Als Regisseur ist er ein "Spätzünder": Dag Johan Haugerud war zunächst als Bibliothekar und Schriftsteller tätig und drehte erst 2020 im Alter von 56 Jahren seinen ersten langen Spielfilm ("Das Licht aus der Schokoladenfabrik"). Nun schließt er mit "Drømmer" (Träume) die Trilogie "Oslo-Stories" ab, die er mit "Sex" und "Liebe" 2024 begonnen hat. Die drei Filme, die jetzt in kurzen Abständen im Kino anlaufen, beziehungsweise schon Premiere hatten, sind inhaltlich voneinander unabhängig, doch in allen geht es um die Komplexität menschlicher Beziehungen, um Sexualität und gesellschaftliche Normen.

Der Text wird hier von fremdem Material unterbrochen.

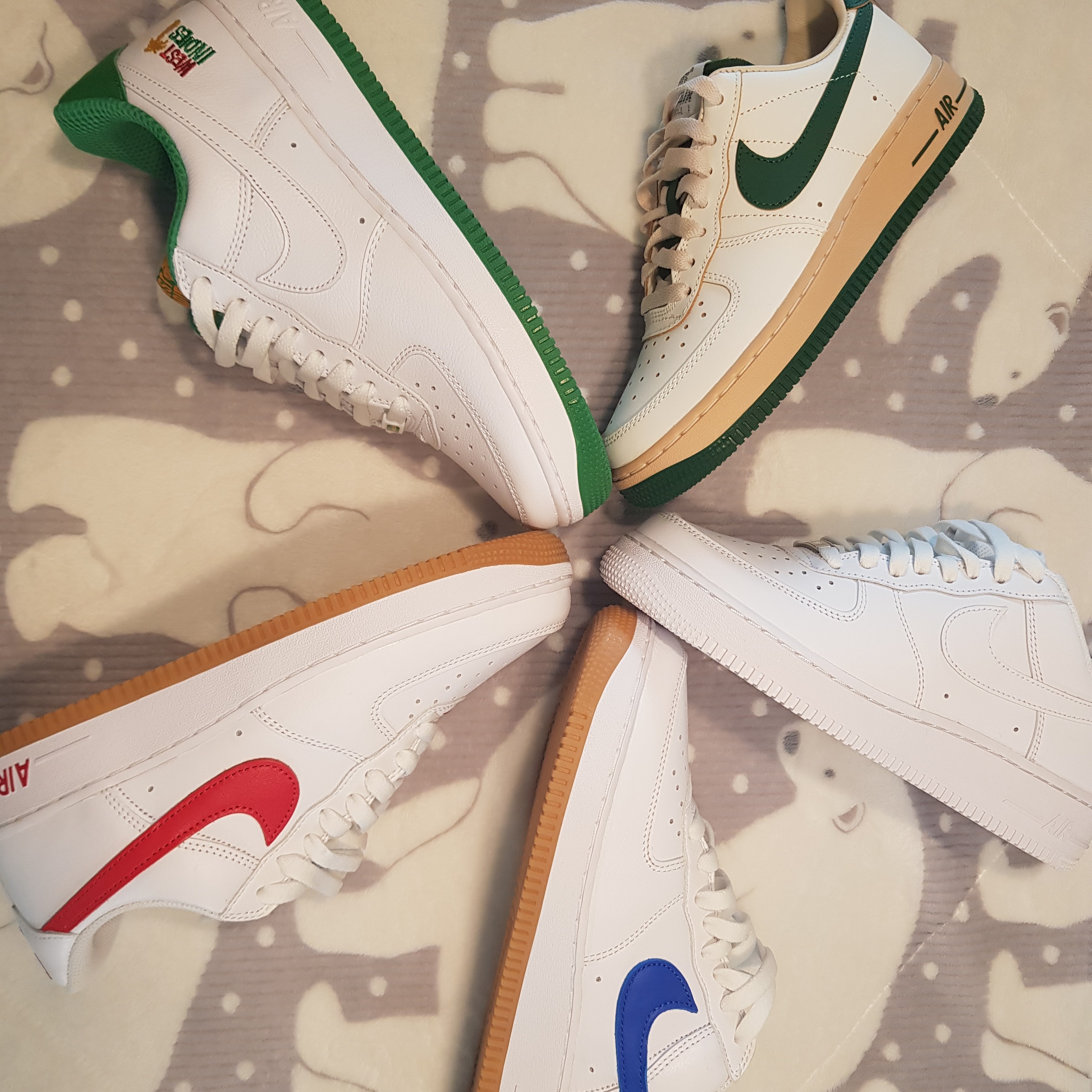 Nike Air Force 1 Low Retro Color of the Month Varsity Royal, Nike Air Force 1 Low Retro Color of the Month University Red 착용 스타일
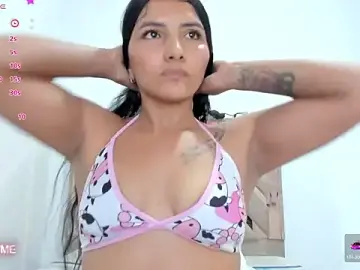 Stripchat Free Porn Cam of CuteLatinaxx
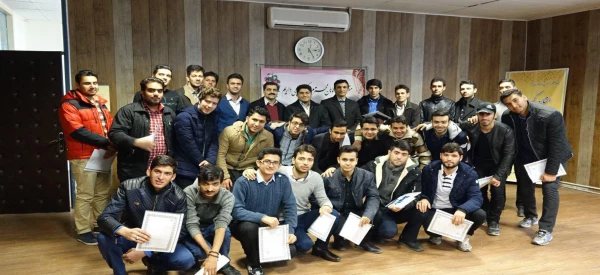 تجلیل از دانشجویان فعال فرهنگی به مناسبت همکاری در برگزاری مراسم روز دانشجو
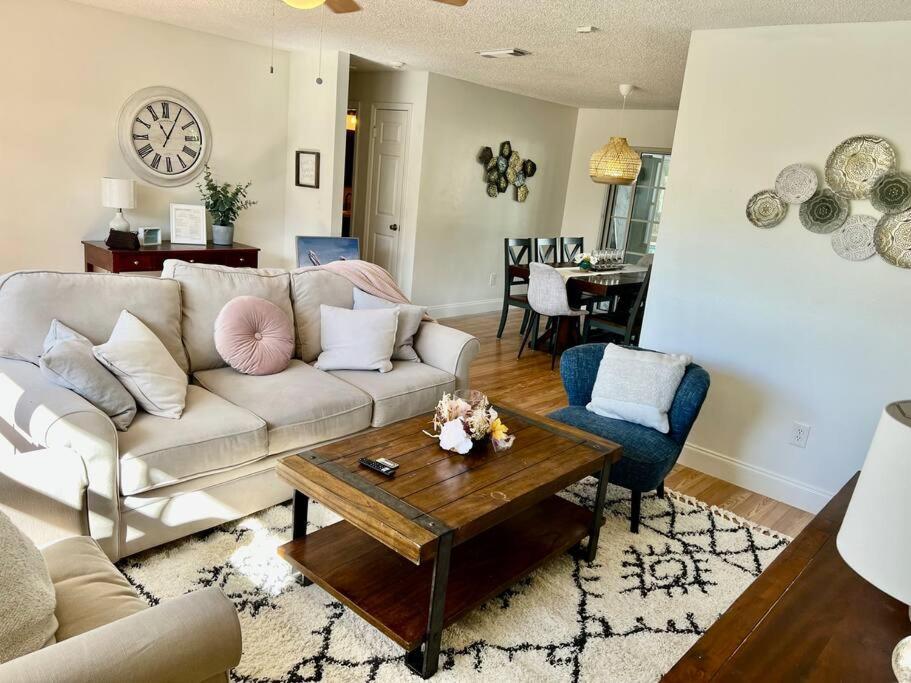 Φωτογραφία από το άλμπουμ του Pool house ( heated) in heart of Melbourne. σε Μελβούρνη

Die Träumerin seines neuen Films ist die 17-jährige Johanne (Ella Øverbye), die heimlich in ihre Lehrerin Johanna (Selome Emnetu) verliebt ist und sich privat mit der Angehimmelten trifft, die 15 Jahre älter ist als sie. Johanna gibt ihrer Schülerin Strickunterricht, von ihrer Verliebtheit erfährt sie nichts. Da Johanne sich ihre Gefühle in einer Art Roman von der Seele schreibt, bekommen jedoch ihre Großmutter Karin (Anne Marit Jacobsen) und ihre Mutter Kristin (Ane Dahl Torp) Wind von der Angelegenheit.
Aber wie faktenbasiert - und wie träumerisch - ist so ein Text? Die Älteren schwanken zwischen Verständnis für die Heranwachsende und Missbrauchsverdacht gegenüber der Lehrerin. Außerdem bringt der Liebestaumel von Johanne auch die Gefühle ihrer Mutter und ihrer Oma in Unordnung. Sehnsucht, Liebe, Erotik: Da war doch was. Wäre da mehr drin gewesen?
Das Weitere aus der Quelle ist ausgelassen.